Does knowledge distillation support multi-gpu?

j-marple-dev / AYolov2

GNU General Public License v3.0

156 stars 15 forks source link

Does knowledge distillation support multi-gpu? #56

Open wingvortex opened 2 years ago

wingvortex commented 2 years ago

Hi, thanks for your sharing. When I tried to use multi-gpu to train Knowledge Distillation: python3 -m torch.distributed.run --nproc_per_node $N_GPU distillation.py ... I got the error: torch.distributed.elastic.multiprocessing.errors.ChildFailedError: distillation.py FAILED Failures:

JeiKeiLim commented 2 years ago

KD currently does not support multi-gpu. We adopted KD method from "End-to-end semi-supervised object dection with soft teacher" and generating teacher's feature(I would say it's a guide feature for student) was heavy operation.

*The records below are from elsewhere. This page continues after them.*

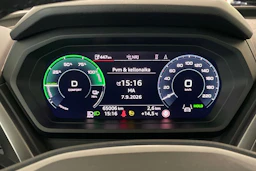 musta Audi Q4 e-tron 2024 kuva 14.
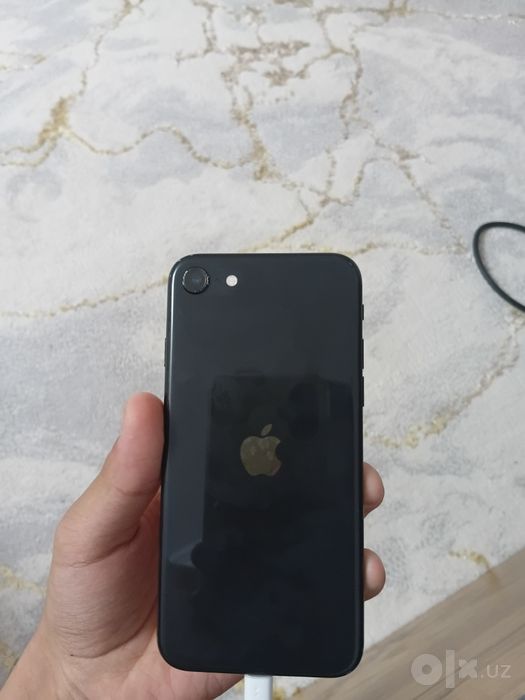 Iphone se 2022 hamma joy ishlaydi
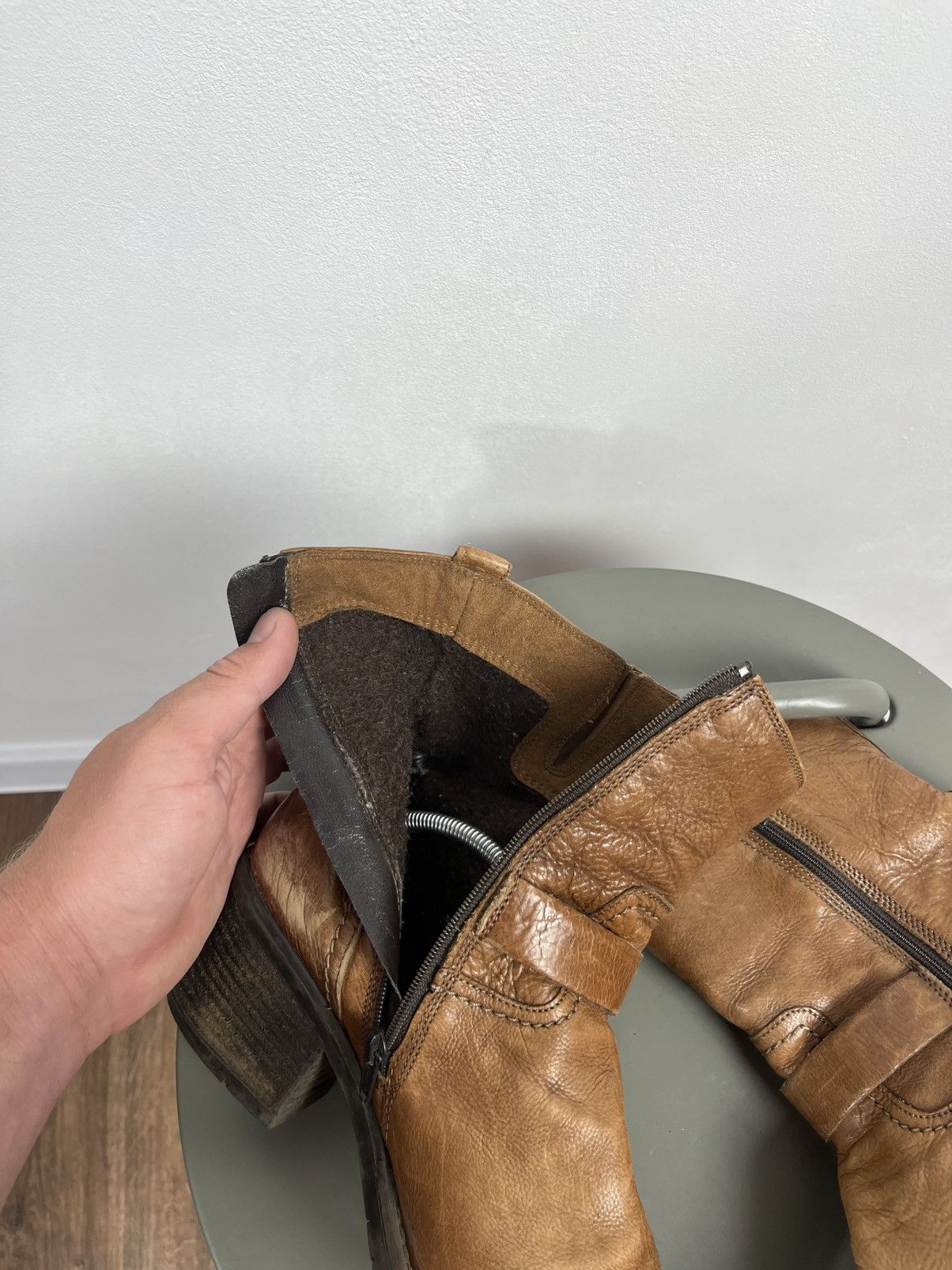 Clarks × Vintage Clarks Distressed Leather Ankle Boots – Avant-Garde Western Size US 6.5 / IT 36.5 - 10 Thumbnail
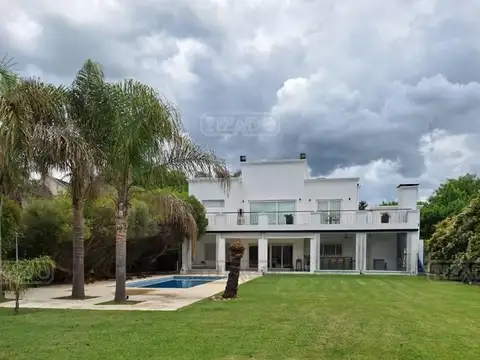 Casa  en Venta en El Nacional, General Rodríguez, G.B.A. Zona Oeste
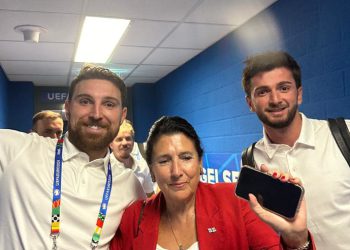 საქართველოს პრეზიდენტი თავის სოციალურ ქსელში ნაკრების ფეხბურთელებთან გადაღებულ ფოტოებს აქვეყნებს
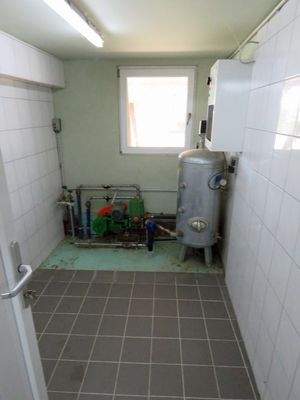 Druckwasserkessel mit Pumpe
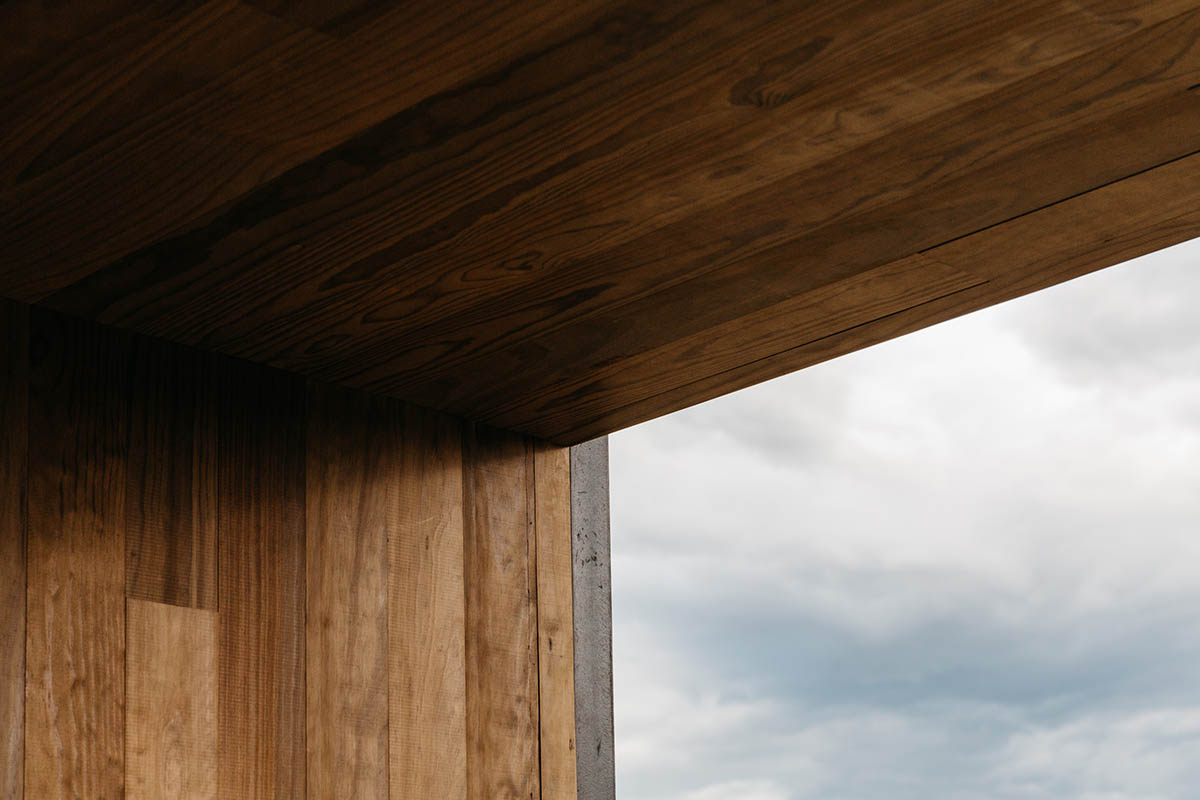 delaVegaCanolasso completes tini 2M cabin clad in galvanized steel in La Rioja, Spain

The bottom line is KD is already using two GPUs. One for student and one for teacher. You can check out in https://github.com/j-marple-dev/AYolov2/blob/main/distillation.py#L66

FYI, we have not managed to see a beneficial point using KD yet.

wingvortex commented 2 years ago

Already noticed that both the student and the teacher takes a GPU, and the teacher uses quite a lot of GPU memory. Thanks for your extra information, do you mean the performance gain is limited when applying the semi-supervised object detection? In my case, the labeled data to unlabeled data ratio is 1:2.